I deleted WebSockets and haven’t looked back
Why I swapped Turbo Stream broadcasts for polling after a paying customer got stuck with an infinite spinner.
Hey friends,
Ian Landsman posted something recently. And at first, I totally dismissed it. “Old man yells at cloud!” I was saying in my head.
He ripped every WebSocket call out of his app, moved to polling the server, and said everything just works better. “Sometimes the old ways are the best ways.”
But for some reason… it stuck with me. Probably because I’d been doing the exact opposite all over my own dashboard, and had been bitten by it twice.
A customer paid for a subscription and got dropped on a dead-end spinner that never resolved. The payment went through, Stripe was happy, but the page just never heard about it. A few days before that, someone breezing through onboarding missed a single broadcast and got stuck on a step that never advanced.
So I (begrudgingly) followed Ian’s lead and started deleting. Here’s the whole story, plus something I picked up only after the code was gone.
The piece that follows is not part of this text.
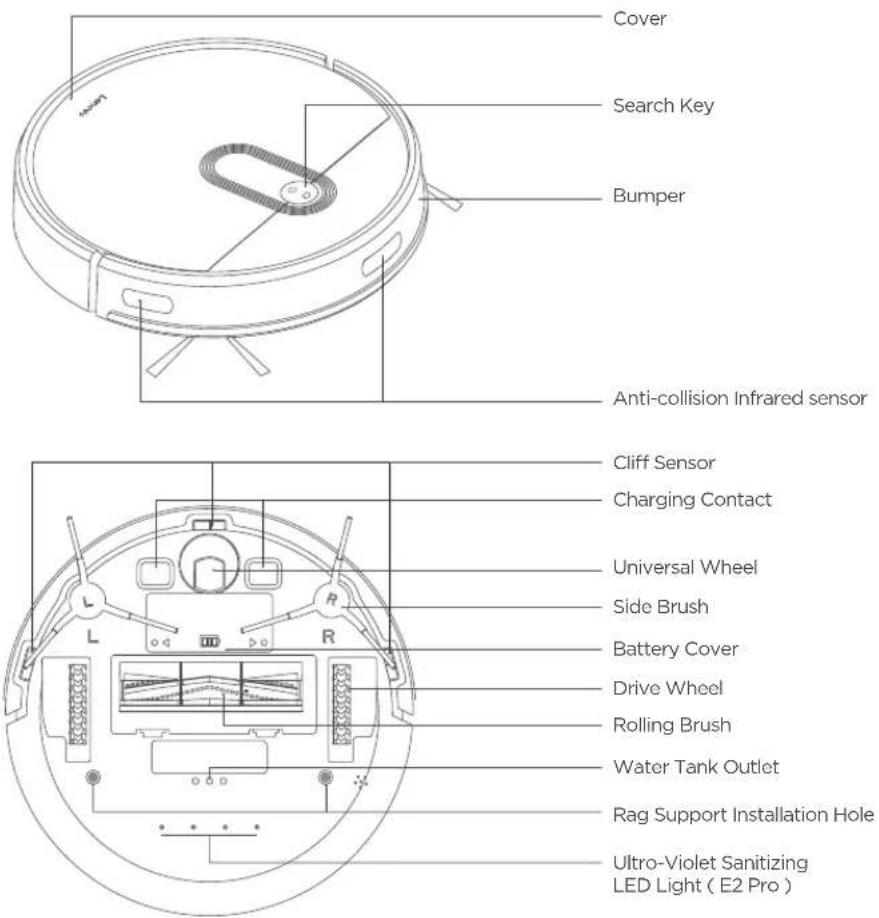 Cover Search Key Bumper Anti-collision Infrared sensor Cliff Sensor Charging Contact Universal Wheel Side Brush Battery Cover Drive Wheel Rolling Brush Water Tank Outlet Rag Support Installation Hole Ultro-Violet Sanitizing LED Light ( E2 Pro )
I was broadcasting everything with Turbo Streams
The dashboard for Ruby Native does a lot of waiting on background jobs. It validates your App Store Connect credentials, checks whether your beta testers got added, watches a build move through GitHub Actions, confirms an in-app purchase webhook, and validates a Stripe subscription.
Every one of those started the same way: a background job did its work then broadcast the result to the page over Turbo Streams. Add an after_commit on the model, a turbo_stream_from in the view, and the result appears without a refresh. It’s the default UX in Hotwire, and it feels great when you wire it up.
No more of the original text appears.